A国で、イ産業から生まれる富は90、ロ産業から生まれる富は0、B国で、イ産業から生まれる富は0、ロ産業から生まれる富は20です。A国とB国で生まれた富を合計すると、110ということになります。

 最後に、A国、B国それぞれ得意な産業に注力した場合を考えてみましょう。

A国で、イ産業から生まれる富は0、ロ産業から生まれる富は100、B国で、イ産業から生まれる富は80、ロ産業から生まれる富は0です。A国とB国で生まれた富を合計すると、180ということになります。

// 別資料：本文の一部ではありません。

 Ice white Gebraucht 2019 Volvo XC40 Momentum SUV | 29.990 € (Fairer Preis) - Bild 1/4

A国B国がすべての産業に同じだけ注力した場合に生み出された世界の富の総量が145、A国B国がそれぞれ苦手とする産業に注力した場合に生み出された世界の富の総量が110、A国B国がそれぞれ得意とする産業に注力した場合に生み出された世界の富の総量が180

 それぞれの国が、インフラ、ヒト・モノ・カネなどの要因から判断して一番得意な産業に注力すると、世界の富の総量が一番増える・・・これが「比較優位理論」です。比較優位理論のもと世界規模で分業して製品を製造し、その製品を自由に行き来させることが、世界の富を最大化して、世界経済を安定させ、そして世界平和につながるではないか!というのが、国際社会が自由貿易を目指している背景の一つなのです。

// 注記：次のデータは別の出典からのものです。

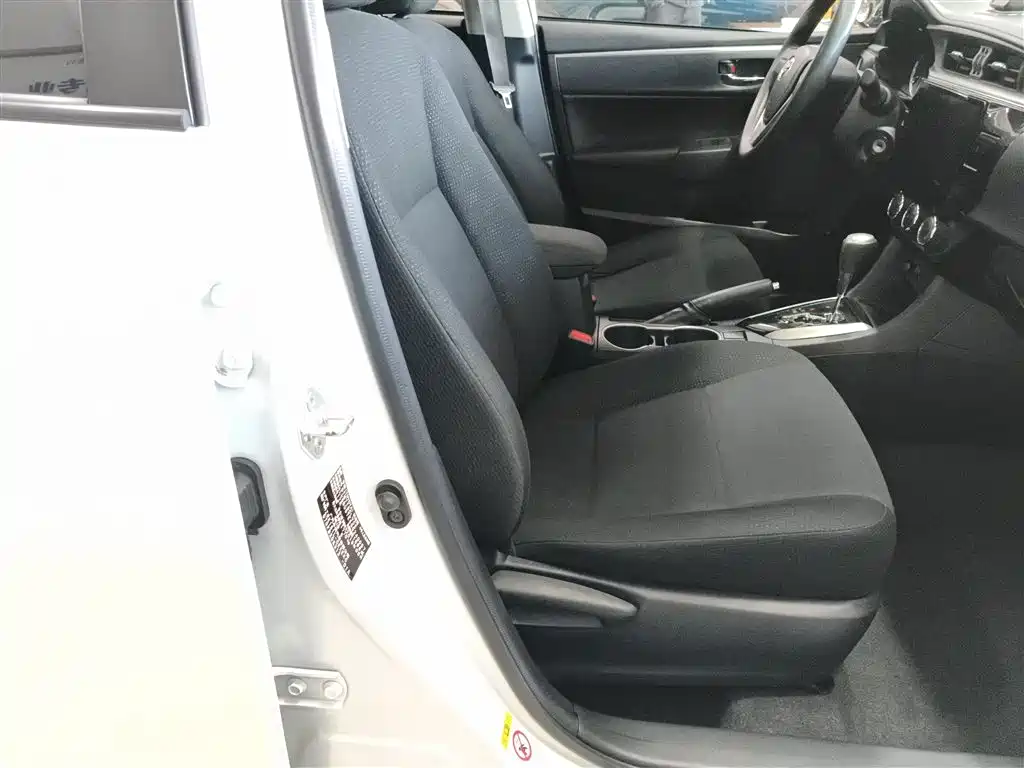 Toyota Levin 2016 1.6G CVT Elite Edition фото 25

 注意しなければいけないのは、「比較優位」という言葉の中で比較しているのが「自国の産業の中での効率」という点です。他の国に規模・効率ともに勝てる産業が一つもないという場合でも、その国が一番得意な産業に注力すれば、計算上、世界の富の総量は増えることになります。ちなみに、将来にわたって今現在、得意な産業に注力しつづけなくてはいけないかということではなく、経済発展の段階やその他の要因によって刻々と変わるその時一番得意な産業に注力していけばいよく、WTO協定やTPP協定では、得意な産業が変化することにも対応できるよう、投資や技術移転についても促進しようということになっています

 しかし、実際の経済が、理論通りに動くかという問題をぬきに考えても、自由貿易にはたくさんの問題があります。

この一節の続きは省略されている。